Please copy out every line in the entries that includes the word "фотография".
══════════════════════════════
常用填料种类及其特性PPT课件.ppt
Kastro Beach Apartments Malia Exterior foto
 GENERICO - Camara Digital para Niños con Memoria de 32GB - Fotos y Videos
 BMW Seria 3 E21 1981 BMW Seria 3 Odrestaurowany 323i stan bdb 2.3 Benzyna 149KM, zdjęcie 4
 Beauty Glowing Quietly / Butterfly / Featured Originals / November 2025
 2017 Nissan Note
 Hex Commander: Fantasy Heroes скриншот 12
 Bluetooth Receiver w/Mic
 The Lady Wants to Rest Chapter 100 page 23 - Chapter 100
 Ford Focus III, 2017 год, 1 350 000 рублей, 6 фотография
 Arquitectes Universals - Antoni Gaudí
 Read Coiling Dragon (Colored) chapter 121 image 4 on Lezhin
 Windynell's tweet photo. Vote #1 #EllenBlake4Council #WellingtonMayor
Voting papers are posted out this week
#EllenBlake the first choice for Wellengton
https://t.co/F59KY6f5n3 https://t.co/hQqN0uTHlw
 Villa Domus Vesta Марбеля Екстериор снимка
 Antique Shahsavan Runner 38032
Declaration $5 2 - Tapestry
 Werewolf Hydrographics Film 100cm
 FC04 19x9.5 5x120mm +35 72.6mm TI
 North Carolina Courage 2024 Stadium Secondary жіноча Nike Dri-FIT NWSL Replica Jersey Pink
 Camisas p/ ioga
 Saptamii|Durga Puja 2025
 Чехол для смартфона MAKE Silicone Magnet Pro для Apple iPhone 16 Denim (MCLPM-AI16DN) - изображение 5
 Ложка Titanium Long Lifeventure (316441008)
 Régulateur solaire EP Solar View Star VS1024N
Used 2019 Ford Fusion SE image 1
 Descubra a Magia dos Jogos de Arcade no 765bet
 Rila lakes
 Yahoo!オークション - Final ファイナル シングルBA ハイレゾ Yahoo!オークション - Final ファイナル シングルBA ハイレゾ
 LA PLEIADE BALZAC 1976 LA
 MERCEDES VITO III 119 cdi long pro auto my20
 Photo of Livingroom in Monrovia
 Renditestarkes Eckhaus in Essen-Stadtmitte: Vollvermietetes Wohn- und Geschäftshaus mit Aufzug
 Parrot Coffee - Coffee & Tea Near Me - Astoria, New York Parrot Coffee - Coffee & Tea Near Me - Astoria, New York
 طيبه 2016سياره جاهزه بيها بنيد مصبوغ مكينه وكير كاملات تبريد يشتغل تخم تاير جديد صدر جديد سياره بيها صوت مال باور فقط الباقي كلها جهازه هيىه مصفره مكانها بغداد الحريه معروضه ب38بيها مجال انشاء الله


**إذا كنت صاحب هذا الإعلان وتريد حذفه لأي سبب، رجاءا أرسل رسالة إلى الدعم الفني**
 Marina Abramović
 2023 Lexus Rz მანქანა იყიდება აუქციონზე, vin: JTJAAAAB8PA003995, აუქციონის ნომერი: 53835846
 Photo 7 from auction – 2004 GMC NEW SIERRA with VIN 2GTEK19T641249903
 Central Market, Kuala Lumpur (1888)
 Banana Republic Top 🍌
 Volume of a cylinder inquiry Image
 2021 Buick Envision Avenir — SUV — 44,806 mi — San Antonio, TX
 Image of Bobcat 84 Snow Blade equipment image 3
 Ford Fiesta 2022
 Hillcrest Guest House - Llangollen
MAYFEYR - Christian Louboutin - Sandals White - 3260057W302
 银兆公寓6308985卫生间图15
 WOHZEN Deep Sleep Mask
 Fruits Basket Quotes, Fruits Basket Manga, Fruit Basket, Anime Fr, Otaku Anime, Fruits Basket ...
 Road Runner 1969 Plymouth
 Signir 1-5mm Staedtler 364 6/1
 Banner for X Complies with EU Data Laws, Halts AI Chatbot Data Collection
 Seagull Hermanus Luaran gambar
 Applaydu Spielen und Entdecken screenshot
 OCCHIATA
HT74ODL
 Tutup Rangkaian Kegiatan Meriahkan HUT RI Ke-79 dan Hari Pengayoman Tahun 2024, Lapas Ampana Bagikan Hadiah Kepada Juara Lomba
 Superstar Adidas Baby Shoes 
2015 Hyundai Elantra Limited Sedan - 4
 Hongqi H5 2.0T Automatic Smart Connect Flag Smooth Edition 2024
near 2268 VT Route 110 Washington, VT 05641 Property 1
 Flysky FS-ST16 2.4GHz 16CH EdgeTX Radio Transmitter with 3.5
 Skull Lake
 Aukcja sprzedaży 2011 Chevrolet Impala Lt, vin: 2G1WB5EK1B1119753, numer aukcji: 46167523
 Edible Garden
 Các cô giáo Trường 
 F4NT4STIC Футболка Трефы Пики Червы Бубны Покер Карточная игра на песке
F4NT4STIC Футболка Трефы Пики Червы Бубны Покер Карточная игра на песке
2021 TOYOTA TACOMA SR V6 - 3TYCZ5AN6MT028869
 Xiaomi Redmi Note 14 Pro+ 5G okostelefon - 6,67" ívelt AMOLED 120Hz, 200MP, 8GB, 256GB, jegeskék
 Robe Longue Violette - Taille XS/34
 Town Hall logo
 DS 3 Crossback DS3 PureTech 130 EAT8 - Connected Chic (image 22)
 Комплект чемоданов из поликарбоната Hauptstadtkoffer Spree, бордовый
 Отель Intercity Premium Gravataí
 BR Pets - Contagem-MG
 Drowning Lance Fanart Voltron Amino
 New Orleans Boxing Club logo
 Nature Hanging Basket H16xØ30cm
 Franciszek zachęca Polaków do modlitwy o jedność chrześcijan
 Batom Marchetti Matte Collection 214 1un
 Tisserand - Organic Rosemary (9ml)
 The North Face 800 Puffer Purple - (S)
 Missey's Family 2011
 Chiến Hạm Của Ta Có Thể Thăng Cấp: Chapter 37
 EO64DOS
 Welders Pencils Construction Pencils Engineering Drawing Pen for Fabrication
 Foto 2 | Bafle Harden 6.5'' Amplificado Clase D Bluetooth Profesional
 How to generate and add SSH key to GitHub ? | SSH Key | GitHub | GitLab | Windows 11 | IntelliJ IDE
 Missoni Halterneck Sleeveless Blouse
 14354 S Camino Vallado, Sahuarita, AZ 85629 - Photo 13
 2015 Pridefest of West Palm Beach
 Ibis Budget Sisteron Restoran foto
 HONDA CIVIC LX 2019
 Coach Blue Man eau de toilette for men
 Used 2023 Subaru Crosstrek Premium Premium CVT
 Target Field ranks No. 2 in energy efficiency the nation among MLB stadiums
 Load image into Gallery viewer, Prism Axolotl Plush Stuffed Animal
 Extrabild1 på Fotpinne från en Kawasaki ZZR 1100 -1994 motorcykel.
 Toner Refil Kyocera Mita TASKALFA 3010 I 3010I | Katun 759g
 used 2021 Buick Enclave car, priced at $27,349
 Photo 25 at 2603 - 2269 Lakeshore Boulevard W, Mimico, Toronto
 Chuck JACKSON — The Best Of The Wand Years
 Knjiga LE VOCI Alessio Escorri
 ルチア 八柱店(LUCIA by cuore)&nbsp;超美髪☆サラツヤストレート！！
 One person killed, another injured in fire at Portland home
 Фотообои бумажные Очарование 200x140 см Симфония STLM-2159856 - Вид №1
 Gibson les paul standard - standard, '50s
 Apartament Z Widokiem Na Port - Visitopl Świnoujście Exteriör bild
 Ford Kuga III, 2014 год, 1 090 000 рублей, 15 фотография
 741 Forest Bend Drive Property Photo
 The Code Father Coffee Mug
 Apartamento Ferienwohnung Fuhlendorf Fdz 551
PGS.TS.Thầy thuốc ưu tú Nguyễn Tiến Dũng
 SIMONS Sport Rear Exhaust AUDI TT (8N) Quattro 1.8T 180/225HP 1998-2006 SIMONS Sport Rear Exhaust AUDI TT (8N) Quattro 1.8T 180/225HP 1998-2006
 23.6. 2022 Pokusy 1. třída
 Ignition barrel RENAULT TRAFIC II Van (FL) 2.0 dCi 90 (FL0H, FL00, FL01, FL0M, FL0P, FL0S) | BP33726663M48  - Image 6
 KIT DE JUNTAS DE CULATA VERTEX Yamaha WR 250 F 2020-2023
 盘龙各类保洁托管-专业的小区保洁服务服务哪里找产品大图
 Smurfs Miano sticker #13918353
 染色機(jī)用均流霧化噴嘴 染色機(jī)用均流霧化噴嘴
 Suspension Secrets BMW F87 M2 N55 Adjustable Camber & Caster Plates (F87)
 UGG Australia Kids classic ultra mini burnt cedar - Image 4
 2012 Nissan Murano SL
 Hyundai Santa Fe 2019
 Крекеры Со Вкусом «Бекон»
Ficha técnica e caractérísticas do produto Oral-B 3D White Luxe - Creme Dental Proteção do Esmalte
══════════════════════════════
ANSWER FOR THIS EXERCISE:
 Ford Focus III, 2017 год, 1 350 000 рублей, 6 фотография
 Ford Kuga III, 2014 год, 1 090 000 рублей, 15 фотография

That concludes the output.